Bag never stopped to think about the societal odds stacked against her. Her father, despite being physically abusive towards her mother, had always encouraged her, even convinced her that she could become the president of the United States or a brain surgeon someday. This fantasy started to fade when she realized that people who looked like her were never be in positions of power. It was through a music teacher who got her a paid gig that she discovered that singing could be her ticket out of her brutal home life. While many of her female friends focused on being groupies, she was adamant about carving out her own space in the male-dominated punk scene. She staked her claim as a punk hero while proudly maintaining her identity as a Chicana, boasting her love for Ranchera music and Lucha Libre.

Alice Bag and Margot Reyes, Cambridge Apostles/courtesy of Alice Bag

When old video clips are projected onto the screen, she cringes at the young version of herself.
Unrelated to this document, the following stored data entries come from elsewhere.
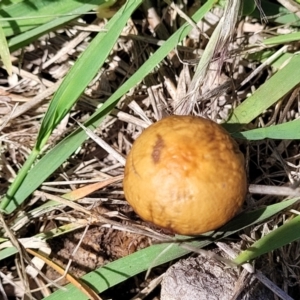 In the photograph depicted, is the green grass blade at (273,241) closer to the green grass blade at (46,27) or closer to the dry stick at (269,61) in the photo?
the dry stick at (269,61)

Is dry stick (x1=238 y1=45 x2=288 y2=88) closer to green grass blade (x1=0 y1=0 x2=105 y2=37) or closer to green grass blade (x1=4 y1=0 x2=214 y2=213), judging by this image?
green grass blade (x1=4 y1=0 x2=214 y2=213)

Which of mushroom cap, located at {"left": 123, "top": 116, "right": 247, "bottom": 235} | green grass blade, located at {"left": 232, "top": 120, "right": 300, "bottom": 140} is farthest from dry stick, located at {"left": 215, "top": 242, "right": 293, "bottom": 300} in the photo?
green grass blade, located at {"left": 232, "top": 120, "right": 300, "bottom": 140}

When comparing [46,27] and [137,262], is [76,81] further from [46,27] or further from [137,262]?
[137,262]

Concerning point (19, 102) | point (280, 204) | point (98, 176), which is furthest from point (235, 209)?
point (19, 102)

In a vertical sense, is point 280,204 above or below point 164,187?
below

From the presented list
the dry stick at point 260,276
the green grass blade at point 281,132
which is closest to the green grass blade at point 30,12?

One such clip was taken from a show at The Troubador involving a full-on brawl after Tom Waits instigated a beef with her then-boyfriend and Bags dummer, Nickey Beat. She does not enjoy watching old footage of herself seemingly discombobulated and unsure, as though “floating in air”. Another clip was pulled from Penelope Spheeris’s 1981 Decline of Western Civilization, which Bag described as having overlooked some crucial bands in the early LA punk scene, such as The Screamers and The Weirdos. She looks back on this time as being the onset of The Bag’s breakup amidst the deteriorating punk scene plagued by drugs and toxic masculinity.

Bag is simultaneously a fearless pioneer and down to earth, happy to talk to people who are interested in her story. “I feel honored to be in a position where anyone cares what I have to say”. She deals with all the normal struggles of being a parent. she relayed a humorous story in which her teenage daughter was embarrassed to be seen shopping with her. She chalks it up to being a good parent. “Kids should be taught to question authority. You are their first authority figure, so they should rebel against you. But you have to remember to take care of yourself so you can nurture the ones you love”.

photo Rick Castro

Always relevant, Bag lists some contemporary artists who inspire her. The list includes her friends and collaborators Lysa Flores as well as Phranc, who she teams up with in the band Phag, plus Riot Girl mainstays Alison Wolfe, Kathleen Hannah,  Irene Diaz, Victoria Ruiz of The Downtown Boys, and the all female rock band, Fanny, fronted by Filipina singer June Millington. Alice just hosted ‘Turn It Up’! – A benefit to aid in the relief efforts for Mexico and Puerto Rico on Oct. 12, at The Echoplex. Guests included San Cha, Maya Jupiter, Dorian Wood, Teri Gender Bender, Lysa Flores and more.